There are a multitude of issues to consider for financial institutions affected by a vote to leave the EU. We highlight some of these below.
UK financial institutions, including banks, investment managers and insurance companies, which currently rely on “passports” under the Single Market Directives, such as the Capital Requirements Directive, Market in Financial Instruments Directive (“MiFID”), UCITS Directive, Alternative Investment Fund Managers Directive (“AIFMD”) and Solvency II Directive, may have to restructure their businesses. Currently an institution, which the Prudential Regulation Authority or Financial Conduct Authority have authorised in the UK, has the right to establish a branch or provide services in any other EEA Member State without further authorisation. Similarly, an entity authorised in another EEA Member State has the same type of access rights in the UK.
If the UK structures its relationship with the EU such that it is outside the EEA or does not negotiate a mutual recognition arrangement which has the effect of granting full EU passport rights for all or certain UK financial institutions (such as the EU currently does for Swiss insurance companies), a UK financial institution may need to establish a fully authorised branch or subsidiary in an EU Member State. As part of considering its options, it will have to look at the so-called “third country” provisions in Directives such as MiFID II, the AIFMD and Solvency II Directive which give non-EU institutions rights of access to the EU (although in the case of Solvency II such rights are limited to reinsurers in ‘equivalent’ regimes being treated in the same way as EU reinsurers and does not apply more widely to insurers). The availability of these rights, will be subject to “equivalence” determination – in essence, the EU Commission will need to determine that UK law and regulation provides regulatory protections which are equivalent to those in the EU.

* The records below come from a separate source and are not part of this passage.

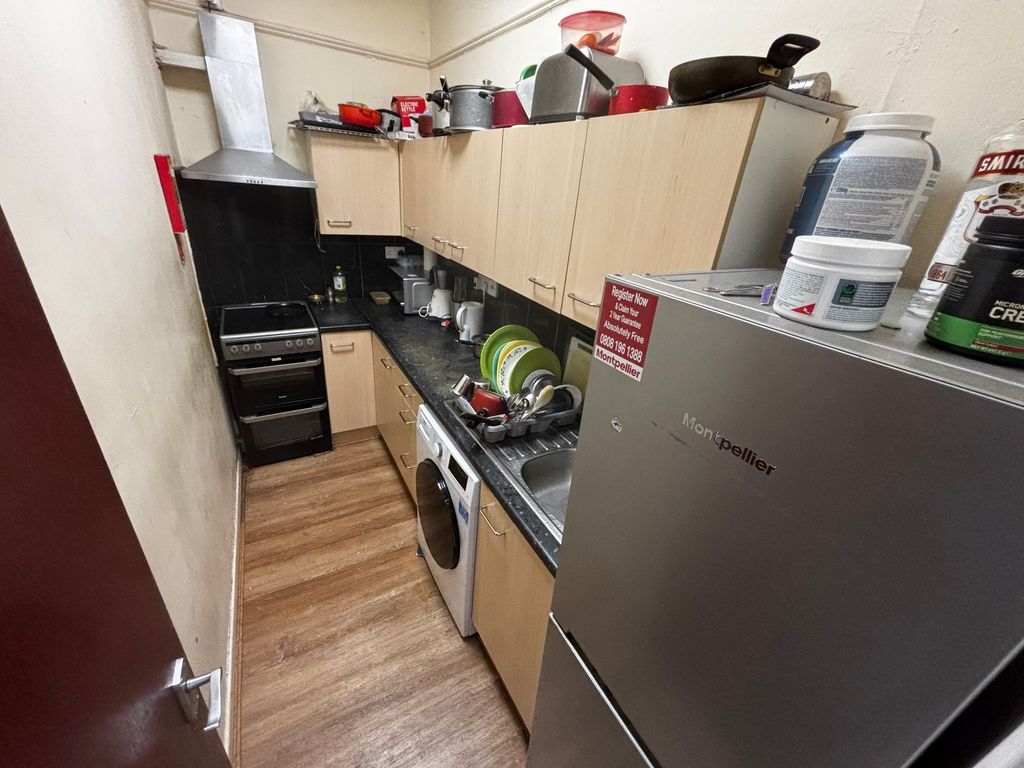 Property photo 1 of 5 Compact Galley Kitchen With Fitted Base And Wall c...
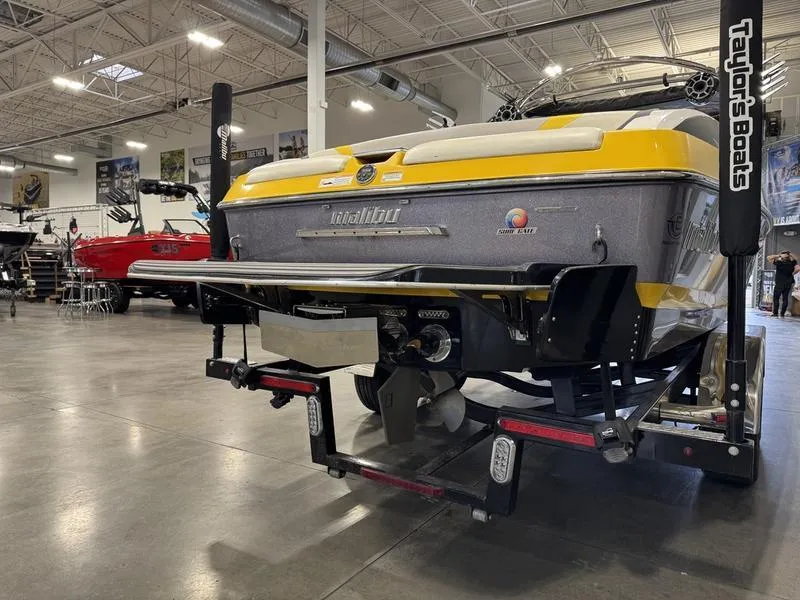 Slide: The Image of 2013 Malibu Wakesetter 24 MXZ boat in showroom, rear view. - 8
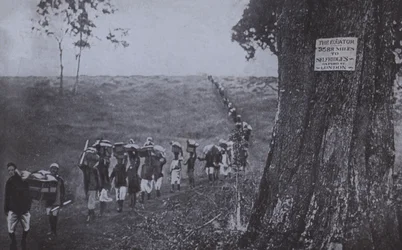 Line of men carrying goods from the equator to Selfridges, London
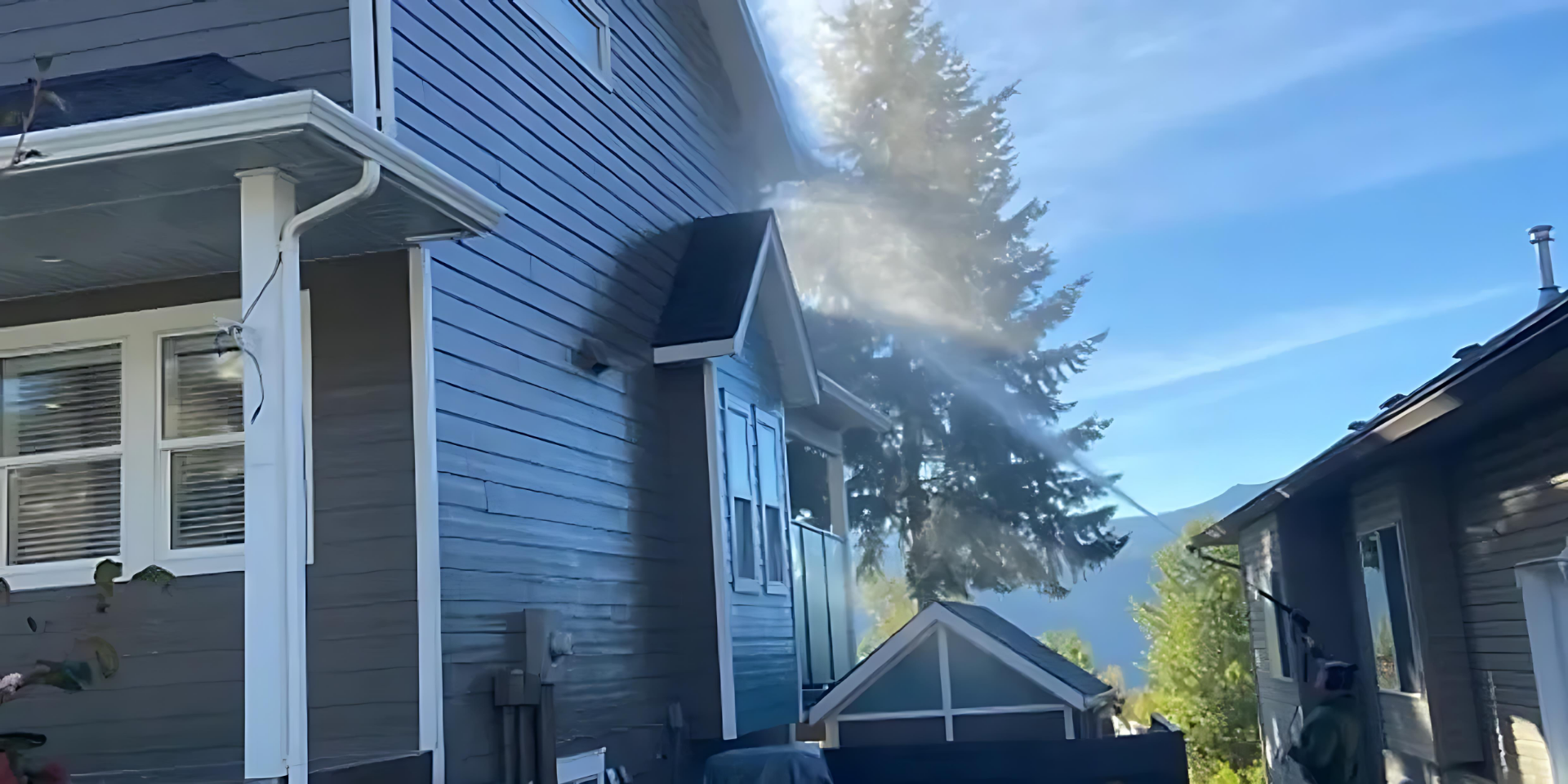 Tech soft-washing a home exterior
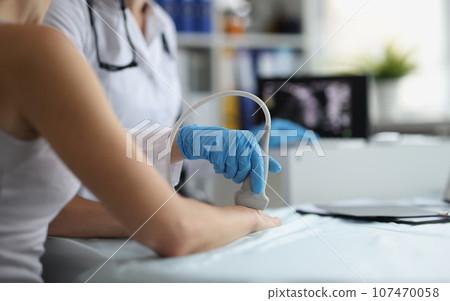 Doctor makes ultrasound of wrist in clinic closeup Doctor makes ultrasound of wrist in clinic closeup 107470058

Institutions will also have to take into consideration the effects of Brexit on their relationships with entities in other EU Member States and on transactions in EU Markets. For example, a UK fund manager that has entered into OTC derivative transactions with a French bank would need to reconsider its clearing arrangements. These are currently subject to a single directly applicable EU law, the European Market Infrastructure Regulation. Unless, the EU recognises the clearing rules in the UK as equivalent to those in the EU, the manager would need to renegotiate its agreement with the French bank and the French bank will also have to impose requirements under the Bank Resolution and Recovery Directive on the fund manager by contract. Transactions in instruments traded on EU Markets will continue to be subject to the new EU Market Abuse Regulations which covers behaviour undertaken outside as well as within the EU.
Loan and hedging documentation governed by English law will, broadly speaking, be affected by Brexit in much the same way as other English law contractual documentation.

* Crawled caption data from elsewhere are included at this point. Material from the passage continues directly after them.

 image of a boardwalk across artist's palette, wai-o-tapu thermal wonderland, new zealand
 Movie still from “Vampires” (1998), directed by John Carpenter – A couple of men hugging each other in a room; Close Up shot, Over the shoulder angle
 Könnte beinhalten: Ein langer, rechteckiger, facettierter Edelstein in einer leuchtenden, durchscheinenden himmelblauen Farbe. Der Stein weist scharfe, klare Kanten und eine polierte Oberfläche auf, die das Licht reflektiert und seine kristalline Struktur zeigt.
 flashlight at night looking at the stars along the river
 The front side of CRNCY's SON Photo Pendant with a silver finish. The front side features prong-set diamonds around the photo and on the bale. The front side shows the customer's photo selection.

It does not seem likely that wholesale changes will need to be made to either the LMA or ISDA standard forms of documentation, but each institution should implement a review of the standard forms. The particular areas which we expect to come under scrutiny are: governing law (although the pre-EU position was in practical terms not unlike the EU Rome I and II position), jurisdiction (although there are a number of conventions which could be utilised to fill any gap left by Brexit), enforcement of judgments, increased costs and market disruption.
The standard forms of documents do contain a number of references to EU Regulations and Directives, but the interpretation provisions of the documents will provide that references to laws are to those laws as amended or re-enacted, so while any post Brexit new or replacement laws or regulations will, in time, find their way into revised forms of the standard documentation, any changes in this respect are unlikely to have any significant bearing on existing transaction documentation.

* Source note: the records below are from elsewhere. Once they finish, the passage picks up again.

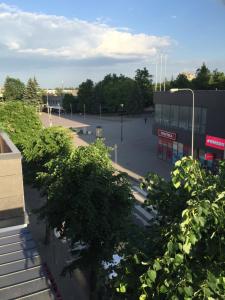 a view of a parking lot from a building at City center apartments in Panevėžys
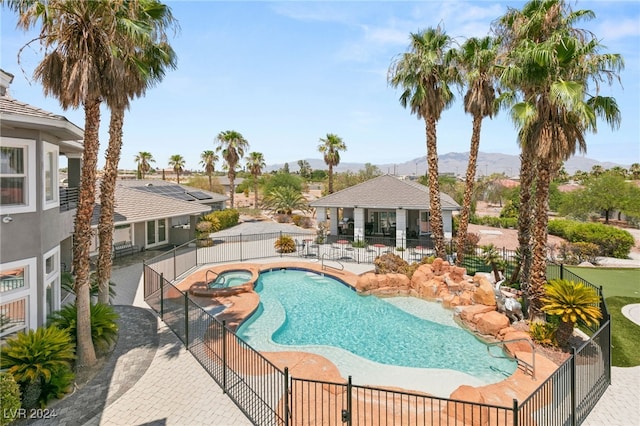 view of pool with an in ground hot tub and a patio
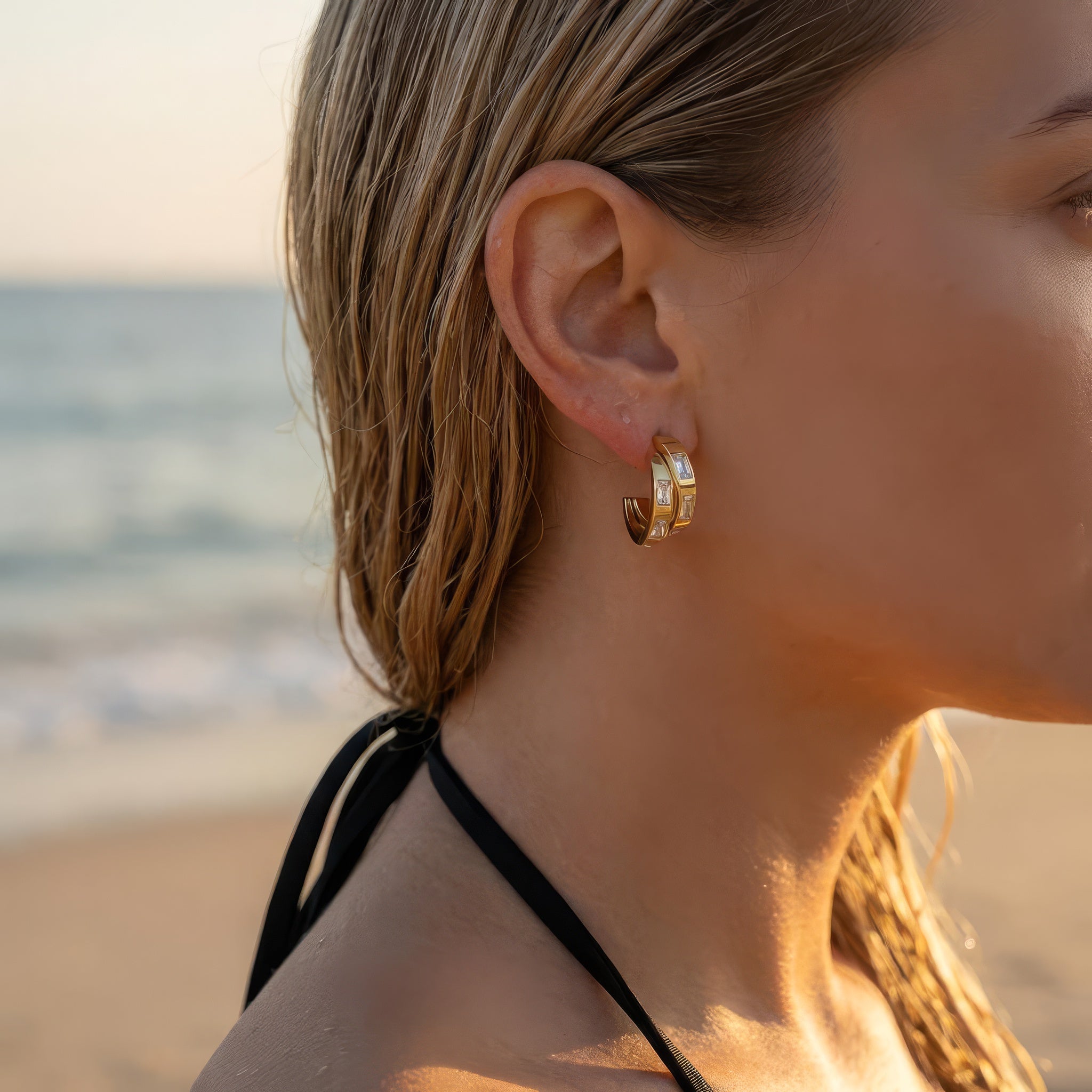 Gold hoop earrings on a woman at the beach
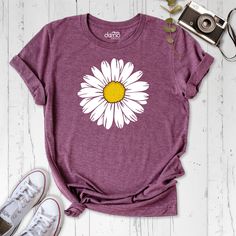 Daisy Women Shirt, Wildflower Lady Tshirt, Flower Spring Shirt, Plant Lover Tshirt, Summer Mom Shirt, Floral Outfit, Flowers Birthday Shirt Embrace the beauty of nature with our Daisy Women Shirt. This wildflower lady tshirt is perfect for adding a touch of floral charm to your spring and summer wardrobe. Whether you're a plant lover or just love the vibrant colors of flowers, this shirt is a must-have. Made from high-quality materials, this flower spring shirt is not only stylish but also comfo Mother's Day Floral Print Crew Neck T-shirt, Spring Printed Tops For Gift, Printed Tops For Spring Gift, Printed Tops For Spring, Floral Print Relaxed Fit Tops As Gift, Floral Print Graphic Tee As Gift, Floral Print Graphic Tee As A Gift, Spring Funny Print Shirt As Gift, Graphic Tee With Floral Print As A Gift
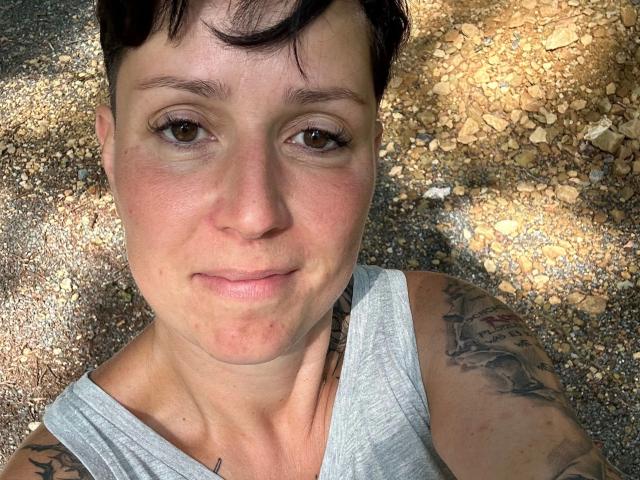 A TattoogirlDD-hot tem cabelo curto e escuro, olhos castanhos e pele clara com tatuagens nos ombros. Ela está vestindo uma regata cinza e está sorrindo levemente para a câmera..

Individual transactions will need to be reviewed in light of Brexit though, and it may be that questions over the effect of force majeure, material adverse effect and early termination rights arise, as, over time, the ramifications of Brexit manifest themselves. The illegality clause may also come into effect, if UK and other European based institutions need to grapple with life after the flexibility offered by the Single Market Directives passporting system.